Filipinas, bello archipiélago asiático, ofrece el más reciente eslabón de esta cadena interminable de tiranos defenestrados: su decimosexto presidente, Rodrigo Roa Duterte, hoy de 79 años, ha sido finalmente arrestado por orden de la Corte Penal Internacional y está siendo juzgado en La Haya, sede del organismo. Duterte, nacido en 1945, tuvo su sexenio de poder entre 2016 y 2022, pero ya planeaba postularse nuevamente como alcalde de Davao, en un esfuerzo por resucitar su carrera política. Lo que ahora enfrenta, en cambio, es la posibilidad de terminar sus días en la cárcel, si es que la CPI lo encuentra culpable de crímenes contra la humanidad. Obnubilado por los vahos del poder, el exmandatario filipino también creyó que nunca iba a sufrir las consecuencias de sus decisiones.
Abogado de profesión y con estudios en Ciencias Políticas, Duterte fue un líder emergente tras la revolución de febrero de 1986 que puso fin a la dictadura de dos décadas de Ferdinand Marcos. Luego de ganar siete veces la alcaldía de Davao, ciudad al sur del archipiélago, se postuló a la presidencia poniendo énfasis en el controversial proceso de pacificación que había llevado a cabo durante su larga gestión edilicia.
“Cuando sea presidente, ordenaré a la Policía Ejército que encuentren a esta gente y los maten”, dijo en marzo de 2016 durante un mitin, refiriéndose a los traficantes y consumidores de droga que luego perseguiría desde su residencia oficial en Manila. “Si conocen a algún adicto”, recomendó en junio de aquel año, al asumir el cargo, “vayan y mátenlo ustedes mismos. Hacer que sus padres lo hagan sería demasiado doloroso”.
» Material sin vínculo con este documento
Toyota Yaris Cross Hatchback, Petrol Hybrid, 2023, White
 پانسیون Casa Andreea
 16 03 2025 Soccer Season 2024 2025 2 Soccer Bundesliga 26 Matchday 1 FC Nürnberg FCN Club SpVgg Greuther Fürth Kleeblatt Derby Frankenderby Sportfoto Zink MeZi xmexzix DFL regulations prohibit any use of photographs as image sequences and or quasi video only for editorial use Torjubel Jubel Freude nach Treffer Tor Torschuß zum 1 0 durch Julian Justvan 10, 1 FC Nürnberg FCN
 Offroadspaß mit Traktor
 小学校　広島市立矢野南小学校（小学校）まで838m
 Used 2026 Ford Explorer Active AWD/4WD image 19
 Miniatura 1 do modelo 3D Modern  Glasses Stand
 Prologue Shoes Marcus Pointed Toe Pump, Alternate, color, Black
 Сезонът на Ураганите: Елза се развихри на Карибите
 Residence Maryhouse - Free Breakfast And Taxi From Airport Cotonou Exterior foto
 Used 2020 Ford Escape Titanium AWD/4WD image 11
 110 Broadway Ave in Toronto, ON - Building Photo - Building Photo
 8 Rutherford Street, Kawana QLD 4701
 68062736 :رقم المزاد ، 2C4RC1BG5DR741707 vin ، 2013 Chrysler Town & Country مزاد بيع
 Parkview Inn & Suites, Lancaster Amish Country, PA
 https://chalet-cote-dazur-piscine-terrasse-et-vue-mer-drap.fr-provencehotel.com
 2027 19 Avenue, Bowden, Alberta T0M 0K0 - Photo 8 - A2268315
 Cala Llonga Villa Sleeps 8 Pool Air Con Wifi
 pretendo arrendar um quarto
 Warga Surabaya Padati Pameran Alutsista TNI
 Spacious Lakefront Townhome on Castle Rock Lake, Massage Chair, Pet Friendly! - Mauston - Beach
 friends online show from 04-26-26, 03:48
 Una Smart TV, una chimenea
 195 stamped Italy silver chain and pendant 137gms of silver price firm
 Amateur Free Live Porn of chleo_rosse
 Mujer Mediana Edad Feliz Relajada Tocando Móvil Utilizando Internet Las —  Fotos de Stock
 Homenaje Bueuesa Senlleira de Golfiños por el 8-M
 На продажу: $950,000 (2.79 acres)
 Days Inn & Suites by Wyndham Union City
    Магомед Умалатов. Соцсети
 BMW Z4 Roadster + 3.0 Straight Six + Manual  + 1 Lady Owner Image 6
Sin importar de qué manera pierdan el poder, e incluso si no lo pierden, las tiranías terminan invariablemente siendo repudiadas por la posteridad
Con esta retórica agresiva, Duterte alentaba a la población a hacer justicia por sus propias manos. “Esta campaña de disparar a matar se mantendrá hasta el último día de mi mandato. No me importan los derechos humanos, créanme”, aseguró en agosto de 2016. Incluso llegó a afirmar que, si en Filipinas había tres millones de adictos, él “estaría feliz” de asesinarlos, comparando su política con el Holocausto. Una vez relató que había matado a un hombre, arrojándolo al vacío desde el aire, como castigo por haber robado: “Si cometes corrupción, te llevaré en helicóptero a Manila y te lanzaré desde ahí. Ya lo hice antes, ¿por qué no hacerlo otra vez?”, dijo en diciembre de 2016.
Duterte insistió en que le tenía sin cuidado una posible condena por crímenes de lesa humanidad. En septiembre de 2017 espetó: “No me importa ser procesado en la CPI. Adelante. Sería un honor ir a prisión por mi país”. Bien, pues se le acaba de conceder esa “honra”. Sus propias palabras, de hecho, han sido fundamentales para la corte internacional, que las considera fuente de incitación al uso de la fuerza letal contra meros sospechosos de cometer delitos. Las cifras de asesinados durante su implacable “guerra contra las drogas” podrían elevarse a más de 25.000 víctimas, de acuerdo a los organismos no gubernamentales que documentaron pacientemente estos casos.
Una vez más, la historia sigue ofreciendo valiosas lecciones en relación a los liderazgos autoritarios. Sin importar de qué manera pierdan el poder, e incluso si no lo pierden, las tiranías terminan invariablemente siendo repudiadas por la posteridad. El delirio desemboca en pesadilla; la soberbia y la petulancia, en desprecio universal.